# Wile E's first trial!!



## bob_barker (Dec 31, 2013)

So I entered Wile E in his first trial, May 1st. 
I'm so nervous but so excited! I'm not expecting anything out of it other than having a blast and getting him out and exposed! 

It occurred to me last week that he's never been created outside the house , so here he is working on being crated around everyone else at practice last night. 

Wish us luck!!


----------



## Momto2GSDs (Mar 22, 2012)

Ahhhhh!

May 1st is when "The Agility Bug" will bite! LOL :laugh:

Try and go to one or two other agility clubs (since you have time) to practice doing agility in new places! Equipment is different in different venues. You may be able to rent their ring!

BEST of luck!
Moms


----------



## bob_barker (Dec 31, 2013)

Momto2GSDs said:


> Ahhhhh!
> 
> May 1st is when "The Agility Bug" will bite! LOL :laugh:
> 
> ...



I'm hoping to get into horse arena before hand to get him going over the proper height jumps. 
And want to get there early to let him relax because he can be a little stressy in new places. 

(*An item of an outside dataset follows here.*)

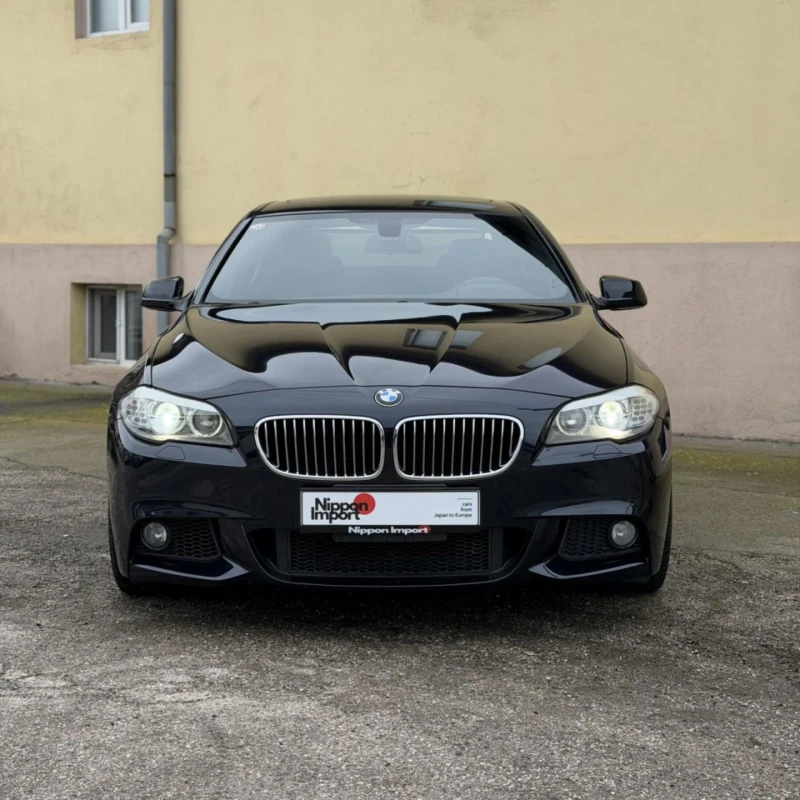 BMW 528 94000 км M-pack , снимка 3 - Автомобили и джипове - 53414931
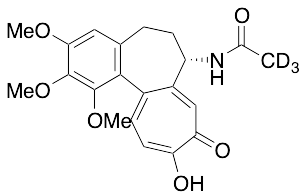 Colchiceine-d3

So nervous! I hope I don't screw it up lol ?


----------



## Momto2GSDs (Mar 22, 2012)

Do you mean the DAY of the trial?

I don't know what the rules are in Canada, but here, the dog cannot enter the ring until it is their turn to compete.  

Moms


----------



## bob_barker (Dec 31, 2013)

Momto2GSDs said:


> Do you mean the DAY of the trial?
> 
> I don't know what the rules are in Canada, but here, the dog cannot enter the ring until it is their turn to compete.
> 
> Moms



No no, before. There are a couple places around here that have the space for it. It's just getting in contact with the owners. 

One thing we need to work on is sending him out for gamblers ?


----------



## dogma13 (Mar 8, 2014)

Best of luck to you!I'm sure it's nerve wracking but try to have fun.


----------



## Jenny720 (Nov 21, 2014)

Yes don't let the butterflies take over and have fun!!!!


----------